L’absence au Cambodge de droits fonciers clairement établis permet ce type de palinodie. Sous le régime khmer rouge, de 1975 à 1979, la propriété privée fut abolie et les registres cadastraux du pays furent entièrement détruits. Après la chute du régime, les titres de propriété foncière antérieurs à 1979 furent annulés et l’État demeura l’unique propriétaire foncier légal. Si la législation a ultérieurement permis la propriété privée, le système d’enregistrement est opaque et byzantin. À mesure des années, cette situation a donné loisir au gouvernement d’expulser de nombreux Cambodgiens, sans égard pour leurs droits ou leur bien-être, afin, souvent, de sécuriser un accès aux ressources naturelles comme le bois d’œuvre ou le sucre.
L’environnement en souffre fréquemment. Des parcs nationaux et des réserves de vie sauvage se sont ainsi muées en plantations d’hévéas, et des forêts ont été décimées afin d’exporter du bois. Résister peut coûter la vie. Le militant Chut Wutty, qui dirigeait le Natural Resource Protection Group, a été tué en 2012 en raison de son action contre la déforestation illégale.
La loi foncière de 2001 n’a fait que prétendre résoudre le problème et n’a offert aucune protection aux résidents de Boeng Kak. Selon le rapport de la fondation Berstelman sur le Cambodge, le système de titrement demeure « contraignant, cher et soumis à la corruption. La majorité des propriétaires manquent des documents qui prouveraient leur droit ».

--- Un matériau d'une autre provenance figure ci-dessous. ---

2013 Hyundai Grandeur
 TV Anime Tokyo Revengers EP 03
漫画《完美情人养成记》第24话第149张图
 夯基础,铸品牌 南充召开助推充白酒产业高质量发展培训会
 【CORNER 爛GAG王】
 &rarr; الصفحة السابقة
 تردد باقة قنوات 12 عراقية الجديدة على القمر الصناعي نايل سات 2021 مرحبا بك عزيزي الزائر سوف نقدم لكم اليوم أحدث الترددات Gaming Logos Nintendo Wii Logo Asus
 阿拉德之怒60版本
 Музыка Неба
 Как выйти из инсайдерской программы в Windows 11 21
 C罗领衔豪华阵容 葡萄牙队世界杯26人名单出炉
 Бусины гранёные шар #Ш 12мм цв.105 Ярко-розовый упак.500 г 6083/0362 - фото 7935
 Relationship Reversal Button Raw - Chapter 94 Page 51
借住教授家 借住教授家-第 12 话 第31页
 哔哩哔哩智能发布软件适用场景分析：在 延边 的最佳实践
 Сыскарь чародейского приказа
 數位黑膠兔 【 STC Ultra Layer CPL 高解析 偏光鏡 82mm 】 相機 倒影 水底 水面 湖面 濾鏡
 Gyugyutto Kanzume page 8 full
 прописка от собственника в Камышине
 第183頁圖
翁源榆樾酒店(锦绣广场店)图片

En outre, les titres fonciers ne garantissent pas une propriété incontestée, car ils peuvent être émis par des organismes publics concurrents. La fondation Berstelmann note que des titres « durs » émis par des institutions directement liées au gouvernement central comme l’office de gestion et de planification foncières l’emportent sur les certificats de possession délivrés par les autorités locales. Comme on aurait pu s’y attendre, les partenaires industriels ont la possibilité d’obtenir les premiers tandis que les gens ordinaires doivent se contenter des seconds, qui n’ont que peu ou pas de valeur.
La seule solution est d’inverser le processus d’accaparement par l’État, qui fait du gouvernement cambodgien un agent des intérêts d’industriels privés plutôt que le défenseur de ceux de ses concitoyens. Un régulateur indépendant, respecté, choisi en fonction de son expertise plutôt que de ses relations politiques, habilité à revoir ou à interrompre les projets immobiliers, devrait pouvoir conduire des études d’impact environnemental de chantiers comme celui d’ING City.
Afin de protéger ceux qui courent le risque permanent d’un déplacement, le Cambodge a un besoin urgent d’un système d’enregistrement des titres de propriété et d’un cadastre modernes. Si Inde, avec plus d’un milliard d’habitants, peut le faire, alors le Cambodge, qui n’en compte que 16 millions, n’a pas d’excuses.